# Safe for hedgies?



## leopardhedgehog (Nov 18, 2010)

Ok so I found this thing at petco.com similar to the snuggle safe disc, but I was wondering if it is safe for hedgehogs. Picture below:









It has a removable buckwheat filled pillow inside. Also, if it is unsafe, please tell me if it is the actual pillow just the casing or both that is causing the problem. 
Thanks!


----------



## pooka dotted (Jan 5, 2011)

Personally I don't see anything wrong with it as long as there are no loose threads, and it's not made of towel-like fabric. Any tags should be cut off if there is any, and make sure you're careful when heating the bag that you don't make it too hot. Those are just the basic precautions that I would look for.


----------



## leopardhedgehog (Nov 18, 2010)

Oh I forgot to mention-it's made for cats, so I wouldn't think there would be loose threads because their claws could easily damage it if so. But it's only like $6 so it's a cheaper alternative to the snuggle safe disk


----------



## PJM (May 7, 2010)

For that much I'd get it & see if it looks alright! It's awfully cute - so I hope it works out!


----------



## leopardhedgehog (Nov 18, 2010)

PJM said:


> For that much I'd get it & see if it looks alright! It's awfully cute - so I hope it works out!

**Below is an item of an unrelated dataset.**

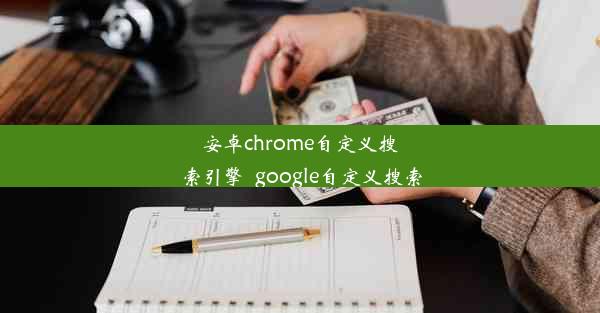 安卓chrome自定义搜索引擎_google自定义搜索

 good point! Six dollars really isn't a lot but I would want to make sure that hedgehogs don't have some sort of buckwheat allergy that I don't know about. It's unlikely but I'd want to be sure that my future hedgehog will be ok


----------



## Nancy (Aug 22, 2008)

Some hedgehogs are fine with buckwheat/rice/grain filled heat bags but for others the smell drives them nuts and they constantly try chewing at it. Also, these bags create moisture so if hedgie is laying on it, hedgie can end up slightly damp. 

The warmth from these things is extremely short, sometimes only about 10 minutes so they really aren't a heating option. If you are getting it because it's cute, go for it. If the thought is to use as a heating source, it isn't worth it. Depending on how secure it closes, it might make a cute cover for hand warmers. 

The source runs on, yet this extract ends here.